_WHAT TO PRODUCE:_ Every entry is to be returned as it stands, apart from the pictures.

[Short text fragments from websites]
#####

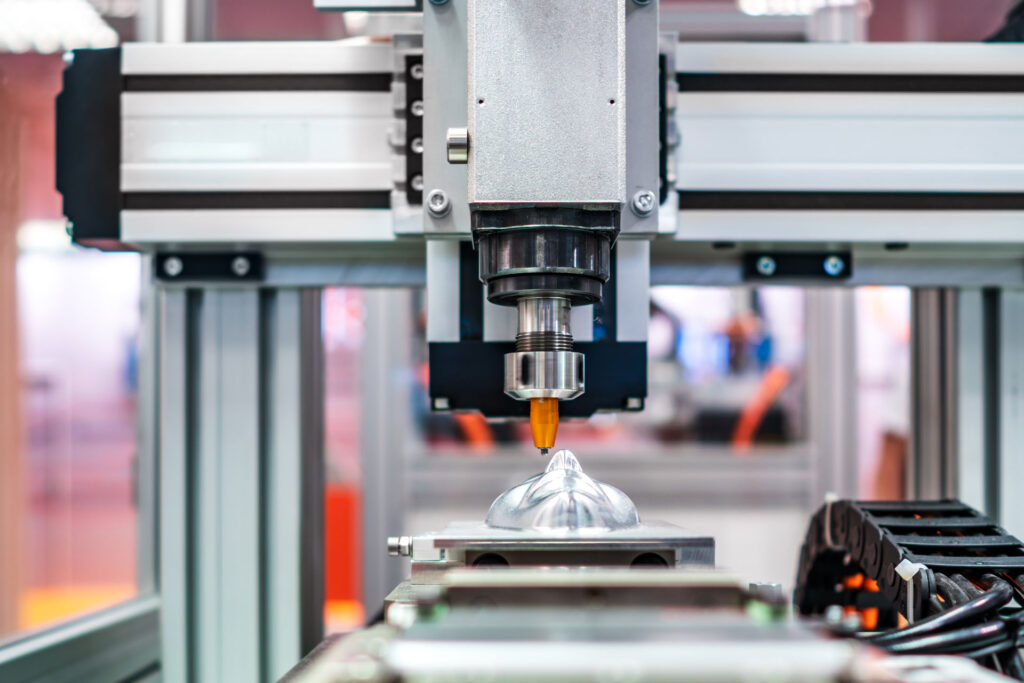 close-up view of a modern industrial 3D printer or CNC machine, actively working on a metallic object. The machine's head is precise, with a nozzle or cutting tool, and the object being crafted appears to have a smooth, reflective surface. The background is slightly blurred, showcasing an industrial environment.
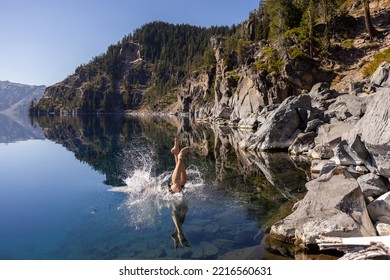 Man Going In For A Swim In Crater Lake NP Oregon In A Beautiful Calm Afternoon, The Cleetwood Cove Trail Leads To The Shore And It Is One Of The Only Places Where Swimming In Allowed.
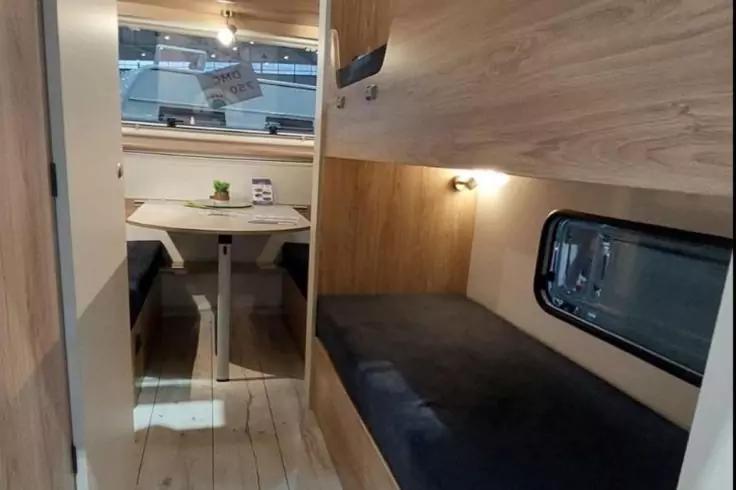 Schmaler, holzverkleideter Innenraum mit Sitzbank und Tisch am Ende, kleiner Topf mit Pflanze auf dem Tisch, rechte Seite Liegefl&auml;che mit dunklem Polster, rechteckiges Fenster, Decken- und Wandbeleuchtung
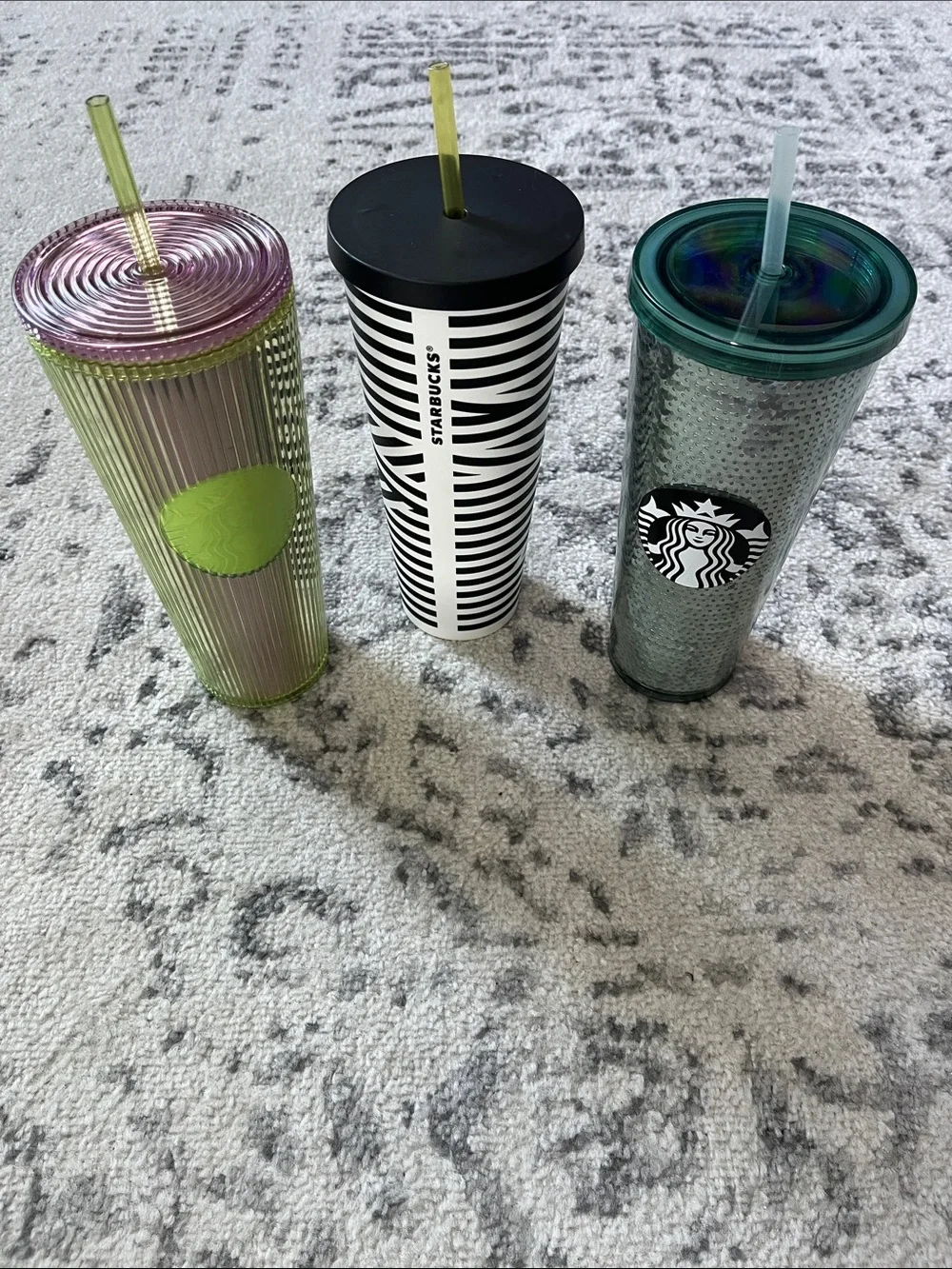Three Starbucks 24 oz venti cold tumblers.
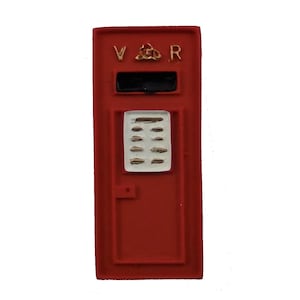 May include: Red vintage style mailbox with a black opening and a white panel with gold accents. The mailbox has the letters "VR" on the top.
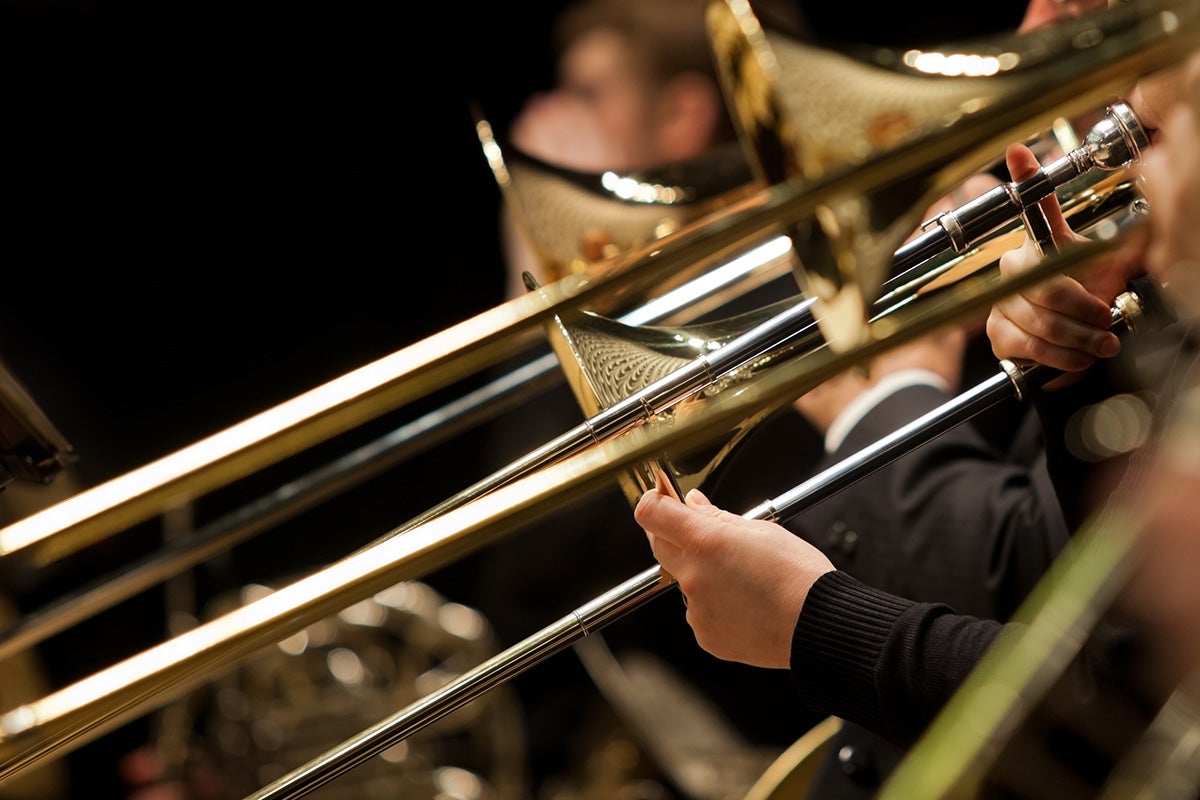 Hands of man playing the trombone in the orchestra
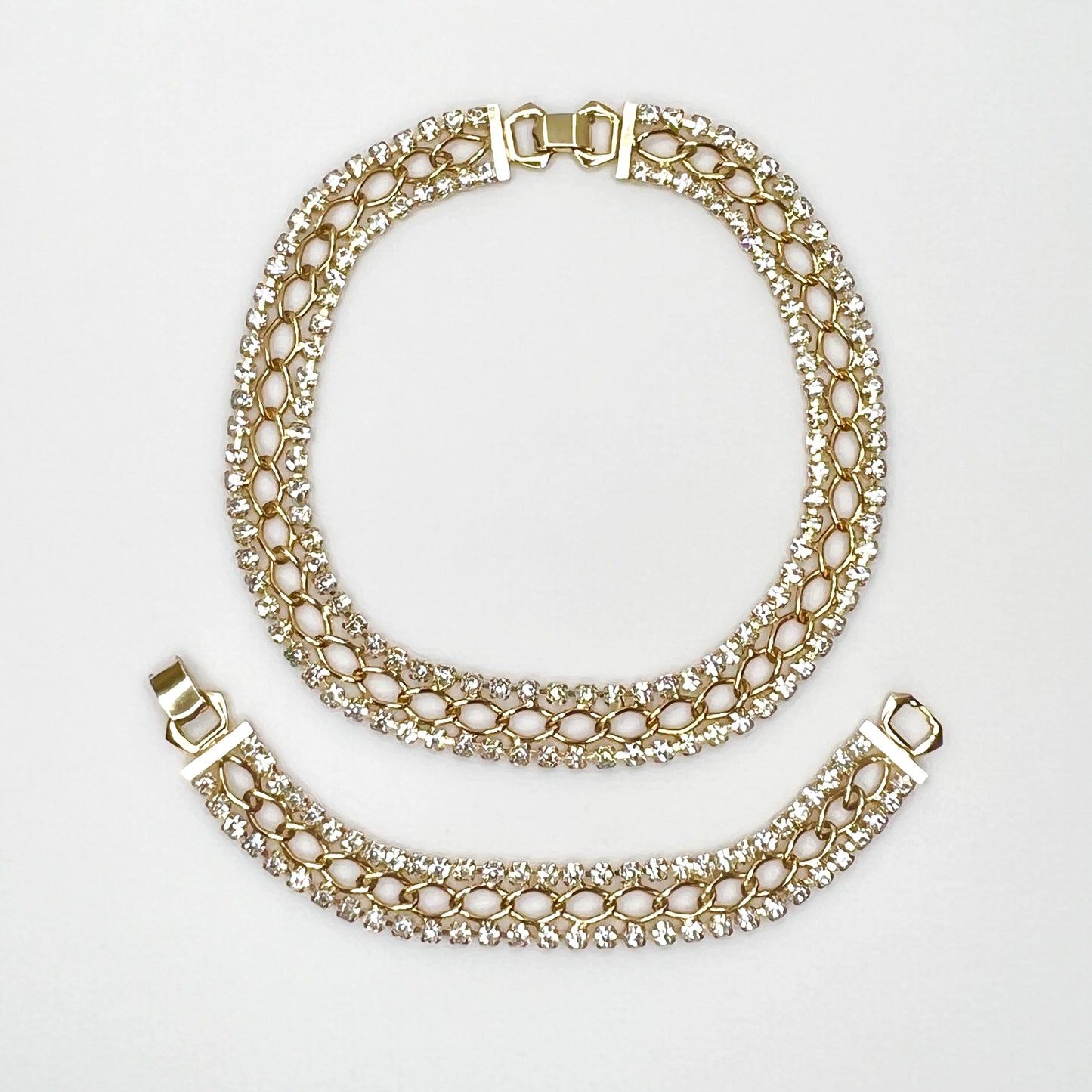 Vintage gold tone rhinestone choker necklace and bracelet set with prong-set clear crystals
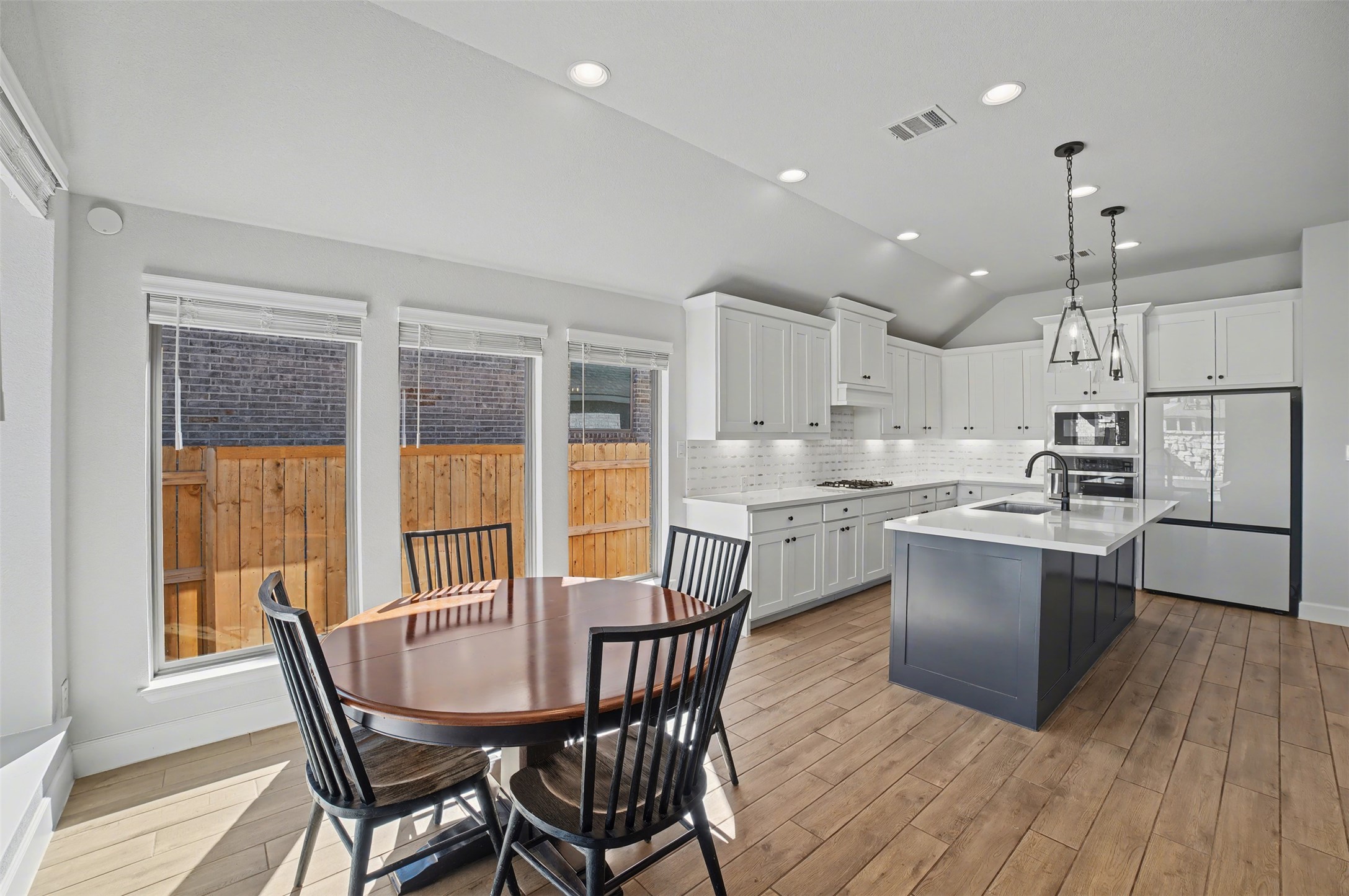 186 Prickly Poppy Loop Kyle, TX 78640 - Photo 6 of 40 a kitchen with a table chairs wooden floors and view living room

#####

_WRITTEN REPLY:_
 close-up view of a modern industrial 3D printer or CNC machine, actively working on a metallic object. The machine's head is precise, with a nozzle or cutting tool, and the object being crafted appears to have a smooth, reflective surface. The background is slightly blurred, showcasing an industrial environment.
 Man Going In For A Swim In Crater Lake NP Oregon In A Beautiful Calm Afternoon, The Cleetwood Cove Trail Leads To The Shore And It Is One Of The Only Places Where Swimming In Allowed.
 Schmaler, holzverkleideter Innenraum mit Sitzbank und Tisch am Ende, kleiner Topf mit Pflanze auf dem Tisch, rechte Seite Liegefl&auml;che mit dunklem Polster, rechteckiges Fenster, Decken- und Wandbeleuchtung
Three Starbucks 24 oz venti cold tumblers.
 May include: Red vintage style mailbox with a black opening and a white panel with gold accents. The mailbox has the letters "VR" on the top.
 Hands of man playing the trombone in the orchestra
 Vintage gold tone rhinestone choker necklace and bracelet set with prong-set clear crystals
 186 Prickly Poppy Loop Kyle, TX 78640 - Photo 6 of 40 a kitchen with a table chairs wooden floors and view living room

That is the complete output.